Presumptive regeneration?

Kuyper taught “the doctrine of *presumed or assumptive regeneration* by which he meant that a covenantal child is assumed to be a child of God until and unless the opposite becomes evident in his or her life. The 1834 seceders did not accept Kuyper’s position” (Henry Vander Kam, Schilder: Preserver of the Faith, p.14). There was in 1905 a denominational compromise on the subject, but in his later controversy with Kuyperian theology, “Schilder opposed Kuyper’s theory of ‘immediate regeneration.’ There was for him a failure to appreciate the regenerating Word” (“Always Obedient”, p.14). Schilder also opposed the theory of J.Ridderbos that God’s covenant was established in and through regeneration. One consequence of Kuyper’s teaching on baptism was that thousands of people grew up in the Reformed Churches who from the pulpit and within their Christian schools were addressed as if they were regenerate – had they not been taken to the font? Ministers baptising would think (or even say) “let’s hope it was a true baptism.” This view of baptism was commended as an ‘objective’ alternative to the ‘subjectivism’ which the older Puritan-inspired preaching brought to regeneration.
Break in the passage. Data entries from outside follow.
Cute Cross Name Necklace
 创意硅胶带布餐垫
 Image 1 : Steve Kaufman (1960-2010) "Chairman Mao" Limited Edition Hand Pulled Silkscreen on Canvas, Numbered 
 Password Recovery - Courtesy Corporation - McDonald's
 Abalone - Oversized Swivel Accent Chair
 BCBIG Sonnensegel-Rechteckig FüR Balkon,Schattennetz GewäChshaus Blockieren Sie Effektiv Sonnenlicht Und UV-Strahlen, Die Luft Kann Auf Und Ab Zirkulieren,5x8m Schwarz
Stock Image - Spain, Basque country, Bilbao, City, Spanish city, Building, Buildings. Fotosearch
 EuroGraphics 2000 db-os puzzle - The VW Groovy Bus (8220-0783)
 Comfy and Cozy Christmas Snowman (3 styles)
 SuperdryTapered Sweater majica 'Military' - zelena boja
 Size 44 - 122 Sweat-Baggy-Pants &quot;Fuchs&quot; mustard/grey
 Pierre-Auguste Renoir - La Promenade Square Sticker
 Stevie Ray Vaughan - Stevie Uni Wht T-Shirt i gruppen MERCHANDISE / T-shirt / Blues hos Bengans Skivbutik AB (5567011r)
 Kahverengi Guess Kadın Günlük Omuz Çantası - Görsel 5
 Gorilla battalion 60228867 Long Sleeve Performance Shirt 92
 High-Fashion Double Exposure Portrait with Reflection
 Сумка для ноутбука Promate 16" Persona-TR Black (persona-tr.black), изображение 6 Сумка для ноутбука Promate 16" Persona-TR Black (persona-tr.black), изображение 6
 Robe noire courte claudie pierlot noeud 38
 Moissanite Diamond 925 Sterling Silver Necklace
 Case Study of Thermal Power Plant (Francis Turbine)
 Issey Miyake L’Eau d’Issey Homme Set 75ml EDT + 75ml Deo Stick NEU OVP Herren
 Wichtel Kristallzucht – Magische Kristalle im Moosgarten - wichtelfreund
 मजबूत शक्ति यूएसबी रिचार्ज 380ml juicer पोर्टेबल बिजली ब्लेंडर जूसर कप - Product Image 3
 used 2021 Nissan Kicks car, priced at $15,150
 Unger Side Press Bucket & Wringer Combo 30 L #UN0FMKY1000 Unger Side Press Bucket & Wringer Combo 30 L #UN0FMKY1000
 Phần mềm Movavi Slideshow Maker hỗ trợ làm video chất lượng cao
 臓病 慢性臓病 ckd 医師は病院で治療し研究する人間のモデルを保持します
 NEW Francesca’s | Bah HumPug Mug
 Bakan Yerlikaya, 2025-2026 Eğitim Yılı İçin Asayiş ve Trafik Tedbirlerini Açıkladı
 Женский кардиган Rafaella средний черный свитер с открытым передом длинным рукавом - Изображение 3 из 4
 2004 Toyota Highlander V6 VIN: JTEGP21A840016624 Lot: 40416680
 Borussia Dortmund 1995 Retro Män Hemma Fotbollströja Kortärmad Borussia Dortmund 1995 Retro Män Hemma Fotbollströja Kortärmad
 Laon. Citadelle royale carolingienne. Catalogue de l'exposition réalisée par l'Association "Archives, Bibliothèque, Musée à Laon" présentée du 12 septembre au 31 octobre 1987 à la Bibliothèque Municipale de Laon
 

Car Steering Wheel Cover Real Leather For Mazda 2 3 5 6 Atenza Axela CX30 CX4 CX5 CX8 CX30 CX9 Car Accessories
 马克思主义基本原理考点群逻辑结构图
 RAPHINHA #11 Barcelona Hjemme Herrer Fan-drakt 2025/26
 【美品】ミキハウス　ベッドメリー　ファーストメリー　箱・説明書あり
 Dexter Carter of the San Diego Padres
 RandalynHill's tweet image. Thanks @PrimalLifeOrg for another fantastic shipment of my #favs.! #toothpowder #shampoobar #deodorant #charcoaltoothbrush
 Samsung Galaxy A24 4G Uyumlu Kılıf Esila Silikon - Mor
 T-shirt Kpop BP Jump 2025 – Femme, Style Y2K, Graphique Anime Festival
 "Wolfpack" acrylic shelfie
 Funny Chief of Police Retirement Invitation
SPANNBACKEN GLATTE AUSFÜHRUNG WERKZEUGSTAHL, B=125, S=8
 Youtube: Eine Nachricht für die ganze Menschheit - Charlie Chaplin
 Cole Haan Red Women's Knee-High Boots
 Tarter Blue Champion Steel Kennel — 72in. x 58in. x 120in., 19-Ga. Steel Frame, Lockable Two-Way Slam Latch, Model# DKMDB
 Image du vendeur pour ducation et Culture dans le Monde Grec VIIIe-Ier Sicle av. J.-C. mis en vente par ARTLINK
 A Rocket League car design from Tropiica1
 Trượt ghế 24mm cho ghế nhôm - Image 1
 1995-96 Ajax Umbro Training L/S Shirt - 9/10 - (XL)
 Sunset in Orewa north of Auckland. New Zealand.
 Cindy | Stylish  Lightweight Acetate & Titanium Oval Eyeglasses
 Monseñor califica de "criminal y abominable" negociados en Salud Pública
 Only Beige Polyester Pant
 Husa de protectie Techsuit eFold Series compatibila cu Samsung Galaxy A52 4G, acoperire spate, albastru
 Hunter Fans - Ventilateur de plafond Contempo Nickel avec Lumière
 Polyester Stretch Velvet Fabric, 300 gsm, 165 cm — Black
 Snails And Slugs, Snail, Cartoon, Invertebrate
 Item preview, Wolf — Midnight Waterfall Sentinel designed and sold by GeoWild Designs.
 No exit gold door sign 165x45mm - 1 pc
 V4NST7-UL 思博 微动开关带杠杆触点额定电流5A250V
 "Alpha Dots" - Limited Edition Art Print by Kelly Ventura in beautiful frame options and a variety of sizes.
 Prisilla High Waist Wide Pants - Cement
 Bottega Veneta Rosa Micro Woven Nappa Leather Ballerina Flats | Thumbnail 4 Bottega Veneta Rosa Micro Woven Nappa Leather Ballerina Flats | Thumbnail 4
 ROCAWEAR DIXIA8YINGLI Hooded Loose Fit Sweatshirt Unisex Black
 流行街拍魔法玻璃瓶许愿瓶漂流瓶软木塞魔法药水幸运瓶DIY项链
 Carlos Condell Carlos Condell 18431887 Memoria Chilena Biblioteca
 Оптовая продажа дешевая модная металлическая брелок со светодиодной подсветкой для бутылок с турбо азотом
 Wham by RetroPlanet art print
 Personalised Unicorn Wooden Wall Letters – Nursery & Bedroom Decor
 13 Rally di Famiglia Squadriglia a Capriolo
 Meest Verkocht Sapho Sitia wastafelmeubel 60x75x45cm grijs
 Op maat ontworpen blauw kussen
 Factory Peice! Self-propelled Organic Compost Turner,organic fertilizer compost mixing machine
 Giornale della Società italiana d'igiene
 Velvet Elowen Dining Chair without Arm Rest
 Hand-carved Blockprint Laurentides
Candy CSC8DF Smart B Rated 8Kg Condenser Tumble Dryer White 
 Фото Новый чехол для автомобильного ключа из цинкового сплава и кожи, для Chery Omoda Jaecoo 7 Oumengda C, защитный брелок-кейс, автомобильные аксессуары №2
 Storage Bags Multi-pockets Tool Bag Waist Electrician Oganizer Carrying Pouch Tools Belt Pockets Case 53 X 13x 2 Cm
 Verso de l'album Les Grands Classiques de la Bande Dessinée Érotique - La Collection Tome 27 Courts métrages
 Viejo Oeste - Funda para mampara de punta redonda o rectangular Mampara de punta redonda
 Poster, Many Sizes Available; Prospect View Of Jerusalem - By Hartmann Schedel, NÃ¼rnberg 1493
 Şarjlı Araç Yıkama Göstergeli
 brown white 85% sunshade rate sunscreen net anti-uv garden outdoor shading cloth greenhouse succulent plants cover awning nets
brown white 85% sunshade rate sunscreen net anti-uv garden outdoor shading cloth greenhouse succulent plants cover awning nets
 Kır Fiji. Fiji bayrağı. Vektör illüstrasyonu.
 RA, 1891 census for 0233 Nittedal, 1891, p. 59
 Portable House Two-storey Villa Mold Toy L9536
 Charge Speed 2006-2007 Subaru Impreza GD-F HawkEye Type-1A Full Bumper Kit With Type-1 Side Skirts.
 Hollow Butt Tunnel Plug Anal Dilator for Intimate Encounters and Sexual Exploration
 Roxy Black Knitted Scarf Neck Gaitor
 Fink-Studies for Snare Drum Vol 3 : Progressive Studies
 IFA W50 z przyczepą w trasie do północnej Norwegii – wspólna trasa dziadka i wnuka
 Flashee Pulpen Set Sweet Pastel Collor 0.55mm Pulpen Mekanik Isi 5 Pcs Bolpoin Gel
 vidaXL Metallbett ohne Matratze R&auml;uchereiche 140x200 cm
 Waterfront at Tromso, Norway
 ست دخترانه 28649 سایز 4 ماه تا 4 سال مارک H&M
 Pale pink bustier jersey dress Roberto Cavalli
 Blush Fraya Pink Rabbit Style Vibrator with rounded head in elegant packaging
Yet while Schilder rejected Kuyper’s belief in the presumptive regeneration of the children of believers linked to their baptism *Schilder’s own view, judged in pastoral and evangelistic terms, does not seem to be much different. Schilder linked their regeneration with the promises of God. Both emphases in the resulting groups of churches resulted in the children being treated as if they were regenerate.
*
—Geoff Thomas, Banner of Truth Magazine, Jan. 1999, Learning from the Life of Dr. Klaas Schilder (Part II).​


----------



## JTB.SDG (Mar 22, 2019)

Good discussion.

Off the cuff, I see some analogies in how we see/think of/interact with our precious covenant children and how our Savior saw/thought of/interacted with His disciples. It seems their understanding was progressive, through the gospels. They were like the blind man Jesus healed, who at first saw men walking around like trees. If you try to answer the question: When was he healed? It's not so easy necessarily. There is some mystery here. Would Jesus use the language above in speaking about Peter before he declared mid-way through the gospels: "Thou art the Christ"? On one level, perhaps. On another level, no way.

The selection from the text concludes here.